Of the two Knowledge Graph providers listed a primary difference is that GDELT focuses on geopolitically important events, while Diffbot tracks a wide variety of site types and most notably online presences of organizations, people, products, articles, and discussions. 

While some web-wide extractions will require a custom set up, typically the crux of this process for individals consuming knowledge-as-a-service providers is properly integrating these data streams with your own applications. Even if you have a web’s worth of data, the “last mile” problem can be very troublesome and you’ll want to spend time considering how to best consume the data streams and get data in front of actual end users.

How To Extract Data From Across The Web (Technical)

One of the hardest problems to solve with web scraping at scale is that you don’t know what a given page will look like until you encounter it. Rule-based scrapers that work on one site are almost guaranteed to fail on others. And even keeping rule-based extractors routinely working on a handful of sites through site updates can be a job. 

What this means is that to truly have a claim to crawling the web you’ll need to escape the rigidity and minutea of rule-based extraction. Rule-less extraction typically utilizes natural language processing, machine vision, and more generally AI-based solutions to extracting valuable information. 

Note: one instance in which ruleless extraction may not be necessary to crawl across the web is if you’re looking for the exact same set of elements across many pages. For example, you’re writing a crawler to track backlinks. 

In the following video Diffbot’s founder and CEO Mike Tung outlines – at a high level – how Diffbot extracts and strctures web-wide data into the world’s largest Knowledge Graph.

Web Scraping Legality

At its simplest, web scraping is simply automating the act of browsing through a public web page and recording some set of elements. Just as it would be legal to manually work through a site, recording values into a spreadsheet, so too is it legal to work through the same pages with a more efficient system. 

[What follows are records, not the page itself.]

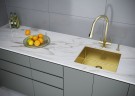 Смеситель для кухни LANGE, светлое золото, La214212-LG, Paulmark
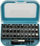 Set bitash Makita P-73374, 31 copë, Pozidriv Phillips Star, blu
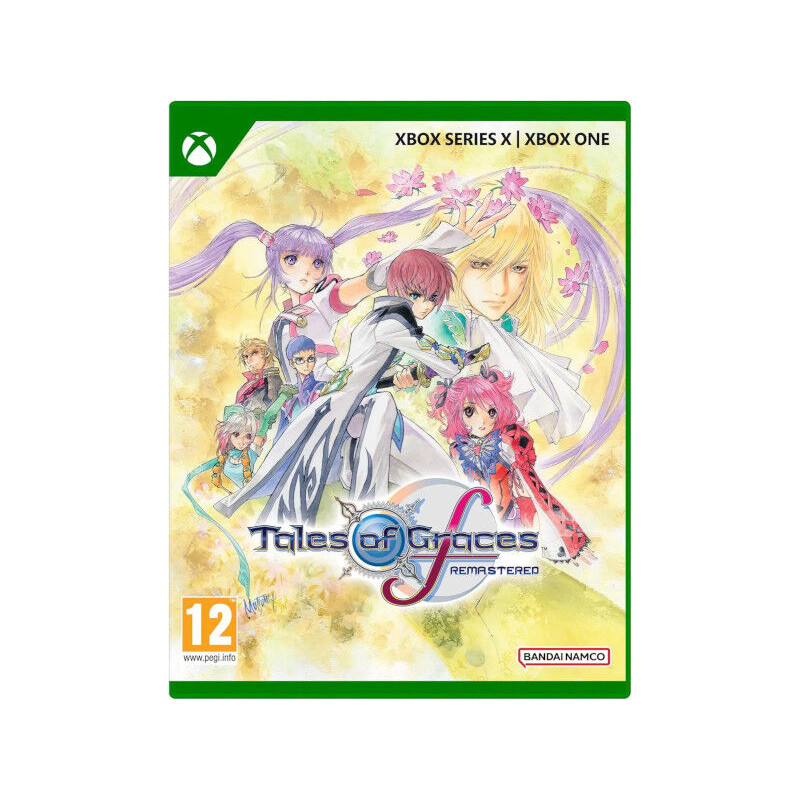 XS TALES OF GRACES F REMASTERED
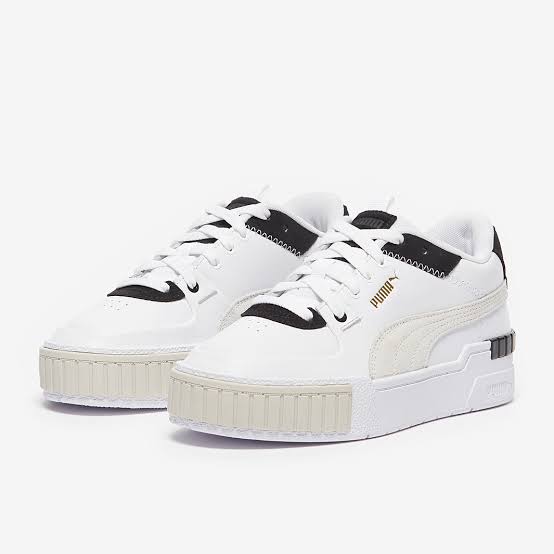 Puma Cali Sport — White & Black — product photo 1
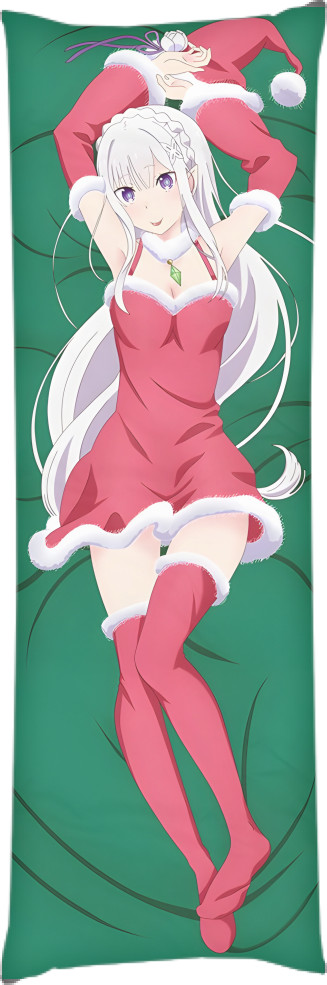 Christmas Re Zero Emilia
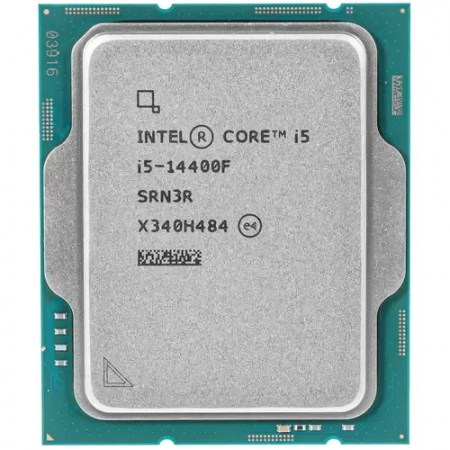 Процессор Intel Core i5-14400F OEM без кулера (CM8071505093011) серый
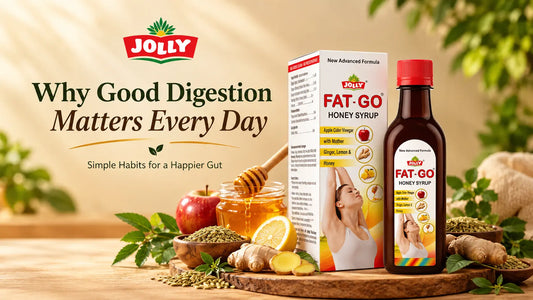 Jolly fat go Honey syrup | Best Digestive Syrup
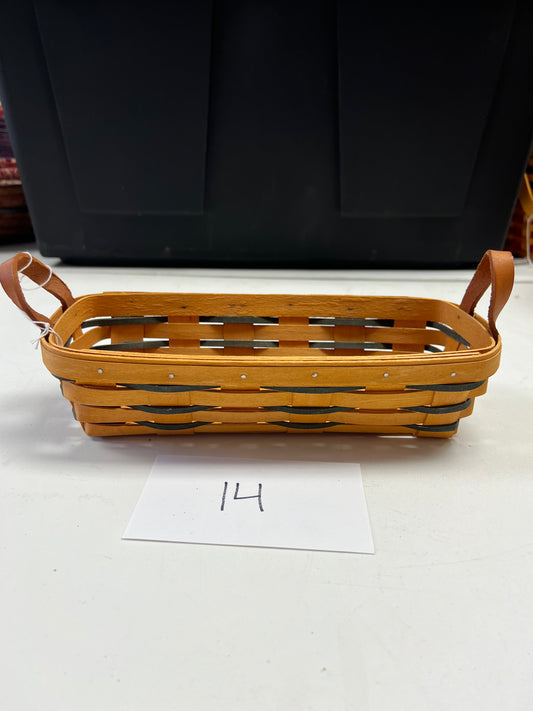 Longaberger heartland cracker basket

With this said, a few additional factors come into play when web scraping at scale. Just as it is legal for you to browse through a public web page and extract data, so too is it legal for web page providers to change their content, block you from their content, and blacklist your IP address for a host of reasons. Most pages of any size include rules against accessing their site in ways it was not intended to be in their terms and service conditions. The most prevalent form of this sort of policing of how you access content is in the form of the robots.txt file. 

Robots.txt files dictate which pages should or should not be crawled on a domain. These are used by site managers to primarily point search engine crawlers towards important pages. Robots.txt can also specify which crawlers are allowed on a site, how frequently crawls should occur, and so forth.  It’s best practice to look at the robots.txt file of a site before crawling, if for no other reason than to gain an understanding of what sorts of crawling patterns the site managers don’t like. 

While not technically a matter of legality, using common sense and respecting site bandwidth is a good way to not get banned from future crawls. If you’re performing particularly large crawls or with regularity, try not to crawl during peak visitor hours for the site. Try say, crawling in the middle of the night. Rate limit crawls. Even just a few seconds between pinged domains can make a great deal of difference at scale and leave service unaffected by others. 

All of this is to say that web scraping is legal and an integral part of many services that enable us to explore the web today. Just use common sense and be courteous to sites being scraped so as not to disrupt service or overload a site.